Items listed in a dataset:
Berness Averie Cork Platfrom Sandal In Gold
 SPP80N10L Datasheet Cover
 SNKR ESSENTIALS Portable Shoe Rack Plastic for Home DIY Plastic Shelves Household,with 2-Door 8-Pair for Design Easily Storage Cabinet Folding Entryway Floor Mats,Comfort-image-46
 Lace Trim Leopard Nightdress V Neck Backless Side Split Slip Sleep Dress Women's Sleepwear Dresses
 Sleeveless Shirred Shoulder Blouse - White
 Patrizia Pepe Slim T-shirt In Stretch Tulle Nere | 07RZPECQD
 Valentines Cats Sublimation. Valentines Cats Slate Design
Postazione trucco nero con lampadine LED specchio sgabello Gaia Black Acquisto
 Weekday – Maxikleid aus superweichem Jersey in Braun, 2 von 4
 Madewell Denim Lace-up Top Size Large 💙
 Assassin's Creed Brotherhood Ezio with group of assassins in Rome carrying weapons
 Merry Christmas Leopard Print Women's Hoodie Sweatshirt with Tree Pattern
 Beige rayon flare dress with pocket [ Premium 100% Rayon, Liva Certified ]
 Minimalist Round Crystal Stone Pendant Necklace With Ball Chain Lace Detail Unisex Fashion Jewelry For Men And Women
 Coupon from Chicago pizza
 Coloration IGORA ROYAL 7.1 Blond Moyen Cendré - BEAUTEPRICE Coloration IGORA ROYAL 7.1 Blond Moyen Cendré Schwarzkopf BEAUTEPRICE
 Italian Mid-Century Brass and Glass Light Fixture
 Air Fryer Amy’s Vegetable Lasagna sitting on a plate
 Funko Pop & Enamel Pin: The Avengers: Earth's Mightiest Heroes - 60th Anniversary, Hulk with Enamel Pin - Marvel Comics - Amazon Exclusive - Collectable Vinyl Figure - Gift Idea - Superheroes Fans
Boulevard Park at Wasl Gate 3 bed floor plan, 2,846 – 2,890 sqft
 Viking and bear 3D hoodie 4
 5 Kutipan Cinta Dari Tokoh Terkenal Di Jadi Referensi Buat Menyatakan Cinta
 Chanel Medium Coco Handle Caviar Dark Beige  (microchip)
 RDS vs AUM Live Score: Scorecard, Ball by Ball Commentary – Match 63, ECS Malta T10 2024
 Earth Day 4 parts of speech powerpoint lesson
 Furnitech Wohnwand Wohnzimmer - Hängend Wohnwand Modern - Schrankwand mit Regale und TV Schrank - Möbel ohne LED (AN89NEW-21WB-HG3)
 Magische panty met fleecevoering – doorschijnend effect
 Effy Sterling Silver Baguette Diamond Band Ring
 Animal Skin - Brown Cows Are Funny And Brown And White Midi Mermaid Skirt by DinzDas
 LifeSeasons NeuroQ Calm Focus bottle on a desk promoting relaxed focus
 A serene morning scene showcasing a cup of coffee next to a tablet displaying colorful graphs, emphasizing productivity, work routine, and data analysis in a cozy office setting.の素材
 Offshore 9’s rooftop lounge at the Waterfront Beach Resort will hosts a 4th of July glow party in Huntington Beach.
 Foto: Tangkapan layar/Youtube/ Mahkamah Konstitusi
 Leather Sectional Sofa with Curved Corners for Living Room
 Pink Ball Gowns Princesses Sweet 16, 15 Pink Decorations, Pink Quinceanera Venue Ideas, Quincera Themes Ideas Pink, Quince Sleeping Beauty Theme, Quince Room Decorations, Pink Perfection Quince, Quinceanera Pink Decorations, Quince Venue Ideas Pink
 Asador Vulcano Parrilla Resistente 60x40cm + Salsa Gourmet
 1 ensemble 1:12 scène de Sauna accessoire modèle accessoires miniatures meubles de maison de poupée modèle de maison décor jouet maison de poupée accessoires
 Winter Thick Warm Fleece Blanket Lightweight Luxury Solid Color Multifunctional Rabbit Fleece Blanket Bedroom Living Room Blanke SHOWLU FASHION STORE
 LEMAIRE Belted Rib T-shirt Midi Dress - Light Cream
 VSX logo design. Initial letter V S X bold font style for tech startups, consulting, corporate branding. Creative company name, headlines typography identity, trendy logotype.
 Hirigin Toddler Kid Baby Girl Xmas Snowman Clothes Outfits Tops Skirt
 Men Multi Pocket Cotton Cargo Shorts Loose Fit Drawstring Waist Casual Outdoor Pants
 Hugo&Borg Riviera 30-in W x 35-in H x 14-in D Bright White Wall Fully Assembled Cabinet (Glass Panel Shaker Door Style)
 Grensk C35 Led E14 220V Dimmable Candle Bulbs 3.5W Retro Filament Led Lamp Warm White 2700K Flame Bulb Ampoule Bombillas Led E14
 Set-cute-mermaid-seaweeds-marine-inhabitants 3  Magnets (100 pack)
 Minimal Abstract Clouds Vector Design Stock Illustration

▶ **Directions**: Look above for the line that contains "SPP80N10L Datasheet Cover". Starting there, transcribe every line exactly until you have copied the line that contains "SNKR ESSENTIALS Portable".

▶ **Worked solution**:
 SPP80N10L Datasheet Cover
 SNKR ESSENTIALS Portable Shoe Rack Plastic for Home DIY Plastic Shelves Household,with 2-Door 8-Pair for Design Easily Storage Cabinet Folding Entryway Floor Mats,Comfort-image-46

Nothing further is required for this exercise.